A system for coordinating error tracking, level setting and reporting among the various layers/components of a distributed storage system. Each component of the distributed system includes a trigger generation and response (TGR) utility, which generates an error tracking trigger (ETT), comprising: (1) an action that the initiator wants the stack's error tracking mechanisms to take; (2) a message that the initiator wants the stack to immediately post in its logs; and (3) a route/direction that the trigger is to be transmitted through the stack. The ETT is transmitted one layer at a time through the stack, and each intervening layer of the stack is equipped with a utility to examine the ETT and take the appropriate action(s), designated by the trigger. An error log is maintained by each layer of the stack and used to record information about the error and enable user determination of the source, timing and cause of errors.

Description

    BACKGROUND OF THE INVENTION
  • 1. Technical Field
  • The present invention relates generally to computer systems and in particular to distributed storage systems. Still more particularly, the present invention relates to a method and system for improving error analysis and reporting in computer systems that include distributed storage systems.
  • 2. Description of the Related Art
  • Distributed storage systems are being more commonly utilized in the computer industry. Over the last several years, significant changes have occurred in how persistent storage devices are attached to computer systems. With the introduction of Storage Area Networks (SANS) and Network Attached Storage (NAS) technologies, storage devices have evolved from locally attached, low capability, passive devices to remotely attached, high capability, active devices that are capable of deploying vast file systems and file sets.
  • As the storage devices and infrastructure become more and more distributed, isolating and correcting errors that occur within the distributed system becomes much more difficult. While a system administrator or monitoring component is made aware of the error, it is not easy to determine where within the distributed system the error actually occurred. The administrator is forced to implement a time consuming device-by-device analysis to determine whether the error occurred in the database, the file system, the storage device driver, the network connecting the distributed storage to the host system, or the distributed storage server.

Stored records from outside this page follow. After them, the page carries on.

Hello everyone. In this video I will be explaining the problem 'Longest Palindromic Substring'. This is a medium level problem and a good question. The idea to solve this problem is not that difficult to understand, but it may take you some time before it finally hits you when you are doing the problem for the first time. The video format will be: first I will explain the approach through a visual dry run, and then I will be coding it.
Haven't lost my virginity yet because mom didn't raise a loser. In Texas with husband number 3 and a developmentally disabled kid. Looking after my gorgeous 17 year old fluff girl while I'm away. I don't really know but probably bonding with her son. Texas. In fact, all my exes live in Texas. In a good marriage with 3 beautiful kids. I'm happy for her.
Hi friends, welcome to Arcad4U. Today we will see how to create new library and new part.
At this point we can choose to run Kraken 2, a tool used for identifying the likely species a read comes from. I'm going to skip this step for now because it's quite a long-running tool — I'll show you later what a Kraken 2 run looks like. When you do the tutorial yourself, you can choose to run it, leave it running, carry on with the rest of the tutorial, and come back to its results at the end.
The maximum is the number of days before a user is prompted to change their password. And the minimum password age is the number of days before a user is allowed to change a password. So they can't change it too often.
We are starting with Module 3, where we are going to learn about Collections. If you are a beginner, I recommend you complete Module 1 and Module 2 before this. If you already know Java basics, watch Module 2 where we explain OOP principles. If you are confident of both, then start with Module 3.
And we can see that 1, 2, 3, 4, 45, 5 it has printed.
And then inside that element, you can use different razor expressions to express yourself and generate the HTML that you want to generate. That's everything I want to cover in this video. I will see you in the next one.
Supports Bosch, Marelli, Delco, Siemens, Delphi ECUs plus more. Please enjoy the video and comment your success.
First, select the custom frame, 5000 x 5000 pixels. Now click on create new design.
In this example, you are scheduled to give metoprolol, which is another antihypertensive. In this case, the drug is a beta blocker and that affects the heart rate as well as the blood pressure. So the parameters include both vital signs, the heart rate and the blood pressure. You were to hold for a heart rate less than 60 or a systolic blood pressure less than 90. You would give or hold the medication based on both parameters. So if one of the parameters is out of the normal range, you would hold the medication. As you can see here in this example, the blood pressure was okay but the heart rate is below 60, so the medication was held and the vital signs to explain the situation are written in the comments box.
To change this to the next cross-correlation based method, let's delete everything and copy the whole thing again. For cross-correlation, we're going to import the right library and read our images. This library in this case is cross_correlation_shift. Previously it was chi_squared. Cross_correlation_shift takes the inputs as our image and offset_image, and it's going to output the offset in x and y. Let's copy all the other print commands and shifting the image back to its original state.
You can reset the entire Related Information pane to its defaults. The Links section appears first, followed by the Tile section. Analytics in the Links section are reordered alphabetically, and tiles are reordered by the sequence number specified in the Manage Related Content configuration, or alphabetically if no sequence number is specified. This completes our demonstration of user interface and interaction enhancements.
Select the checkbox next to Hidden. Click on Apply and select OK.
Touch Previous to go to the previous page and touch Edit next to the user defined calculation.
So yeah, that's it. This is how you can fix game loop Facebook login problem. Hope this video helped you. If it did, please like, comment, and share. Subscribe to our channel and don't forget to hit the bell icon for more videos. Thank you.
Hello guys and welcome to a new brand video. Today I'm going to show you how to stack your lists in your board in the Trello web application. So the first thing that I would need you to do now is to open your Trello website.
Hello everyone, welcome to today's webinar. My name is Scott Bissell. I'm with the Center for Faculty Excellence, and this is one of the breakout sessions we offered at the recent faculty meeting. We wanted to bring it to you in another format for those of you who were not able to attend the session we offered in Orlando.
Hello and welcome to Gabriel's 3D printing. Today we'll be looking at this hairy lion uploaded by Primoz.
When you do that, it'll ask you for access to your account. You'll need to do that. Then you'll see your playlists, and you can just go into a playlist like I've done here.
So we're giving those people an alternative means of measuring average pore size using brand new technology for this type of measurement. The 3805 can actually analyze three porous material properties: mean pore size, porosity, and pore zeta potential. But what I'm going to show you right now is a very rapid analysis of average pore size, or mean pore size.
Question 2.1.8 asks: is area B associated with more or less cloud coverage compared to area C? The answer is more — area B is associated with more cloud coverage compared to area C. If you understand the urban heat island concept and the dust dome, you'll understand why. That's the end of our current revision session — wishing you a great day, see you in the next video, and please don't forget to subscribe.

  • A major contributing factor to the problem with conventional error resolution within a distributed system is the fact that error tracking and reporting in distributed storage systems is not coordinated. When a problem is detected on the host system, the occurrence/detection of the problem is not conveyed to the storage server(s). As a result, error tracking and logging may not even be turned on at the storage server(s). Conversely, when an error is detected at a storage server, the error is not reported to the host system, and error tracking and logging is not turned on at the host system.
  • Notably, even if tracking is turned on at both the storage server and the host system, it may be impossible to correlate events because the time stamps at each system differ. Additionally, the target and/or level of tracking at the host system and storage server may be incompatible. As an example, the host may be tracking storage writes at the highest level of detail while the storage server logs only the fact that a write to the device has occurred.
  • There are several current procedures for collating system trace and error logs in a distributed computing environment. Among these procedures are ones created by “syslog” a program utility introduced in BSD 4.2 and available on most Unix variants (e.g., AIX, Solaris, Linux) and “streams,” another program utility originally introduced as part of AT&T System V UNIX. Syslog provides a set of procedures that are not storage system specific. Streams provides a mechanism that enables a message to bi-directionally transverse a stack. However, the mechanism is not applied to error tracking and reporting.
  • U.S. Patent application, No. 20020188711, titled “Failover Processing in a Storage System,” provides policies for managing fault tolerance and high availability configurations. The approach encapsulates the knowledge of failover recovery between components within a storage server and between storage server systems. The encapsulated knowledge includes information about what components are participating in a Failover Set, how they are configured for failover, what is the Fail-Stop policy, and what are the steps to perform when “failing-over” a component. However, there is no mechanism for tracking errors across the entire storage system.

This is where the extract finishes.